Belegschaft abgebaut
Nahezu geräuschlos wurden die Schaltstellen auf Essens Kulturdampfer neu besetzt und ohne betriebsbedingte Kündigungen sechs Prozent der Belegschaft abgebaut. Und da reden wir noch nicht von schrumpfenden Überstunden-Kontingenten, leistungsbezogenen Vergütungsmodellen und gleichzeitig gestiegenen Einnahmen durch „im Übermaß“ gestiegene Ticket-Preise, etwa bei Premieren.
Und doch, vom Streichkonzert erklingen offenbar die letzten Takte, und der Dirigent kokettiert mit einer abgearbeiteten To do-Liste: „Ich bin am Ende meiner guten Ideen und befürchte, dass meine besten Zeiten vorbei sind. Wir kommen an einem Punkt, wo man sagen muss: Es wird von jetzt an teurer“, warnte Bergmann die Politik vor. Der bei den Etatberatungen schon im November vergangenen Jahres gelockerte Sparkurs war also kein einmaliges Zückerchen, weil bei einem personalintensiven Betrieb wie Theater und Philharmonie der Schlüssel nun mal in den Personalkosten liegt: „Am Ende fressen uns die Tarifsteigerungen auf“, sagt Bergmann. 1.200 Veranstaltungen wie früher? „Da hätte ich längst Konkurs anmelden müssen.“ Bei 990 hat man sich eingependelt – und nur 600.000 Euro weniger an Einnahmen erzielt.
„Kunst leistet man sich“
Das muss man sich leisten wollen, appellierte der Kulturmanager und redet Klartext, wo man sich sonst gerne etwas verschwurbelt vortastet: Ja doch, „wir machen etwas Elitäres, das muss man auch mal sagen, wir popularisieren es, aber ich kann es am Ende nicht für jeden öffnen, weil Grundbildungsfragen gegeben sein müssen.“ Also bitte, die Politik habe am Ende zu entscheiden: „Kunst leistet man sich.“
Und die Politik will dies offenbar auch – ablesbar am allseitigen Beifall für Udo Bayer vom Essener Bürger Bündnis, der Berger Bergmanns Arbeit als „ganz große Erfolgsgeschichte“ lobte.

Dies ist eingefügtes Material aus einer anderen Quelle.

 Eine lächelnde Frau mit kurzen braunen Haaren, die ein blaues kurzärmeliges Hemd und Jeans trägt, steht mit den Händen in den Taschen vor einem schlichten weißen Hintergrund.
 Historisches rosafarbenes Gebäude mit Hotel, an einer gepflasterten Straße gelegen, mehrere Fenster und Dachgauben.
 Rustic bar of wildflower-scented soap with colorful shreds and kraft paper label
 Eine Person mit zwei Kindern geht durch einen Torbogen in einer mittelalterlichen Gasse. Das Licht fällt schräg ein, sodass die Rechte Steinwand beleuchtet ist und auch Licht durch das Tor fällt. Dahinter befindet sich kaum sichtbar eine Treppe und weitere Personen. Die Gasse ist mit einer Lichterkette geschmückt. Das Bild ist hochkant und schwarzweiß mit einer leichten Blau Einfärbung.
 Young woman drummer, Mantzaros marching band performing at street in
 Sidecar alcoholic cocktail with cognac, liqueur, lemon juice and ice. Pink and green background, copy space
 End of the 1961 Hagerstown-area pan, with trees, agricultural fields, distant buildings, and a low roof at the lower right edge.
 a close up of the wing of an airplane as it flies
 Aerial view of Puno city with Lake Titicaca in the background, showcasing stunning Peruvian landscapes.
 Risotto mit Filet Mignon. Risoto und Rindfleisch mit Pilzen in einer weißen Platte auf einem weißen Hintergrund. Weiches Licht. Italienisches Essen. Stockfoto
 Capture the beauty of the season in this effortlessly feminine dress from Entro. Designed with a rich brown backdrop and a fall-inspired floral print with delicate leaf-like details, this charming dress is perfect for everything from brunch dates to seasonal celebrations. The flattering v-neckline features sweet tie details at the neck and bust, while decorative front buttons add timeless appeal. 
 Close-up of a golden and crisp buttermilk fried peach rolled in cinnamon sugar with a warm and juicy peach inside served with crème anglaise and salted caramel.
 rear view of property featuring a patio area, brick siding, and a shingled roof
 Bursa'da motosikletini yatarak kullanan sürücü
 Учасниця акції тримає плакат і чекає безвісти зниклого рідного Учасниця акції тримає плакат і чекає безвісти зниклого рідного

Aber ob es nicht doch noch irgendwo Sparpotenzial gebe?
Ja, räumt Bergmann ein: bei den Werkstätten womöglich. Wenn die vom Hafen in einen citynahen Neubau zögen, ließe sich noch einiges im Betrieb einsparen. Aber dazu braucht es noch Gespräche mit dem Betriebsrat, ein 20.000 Quadratmeter großes Grundstück in Innenstadtnähe und 10 Millionen Euro für das Investment.
Kein neues Jackett also, aber ein neuer Blaumann? Es scheint, als sei die Politik bereit, mal ernsthaft darüber nachzudenken.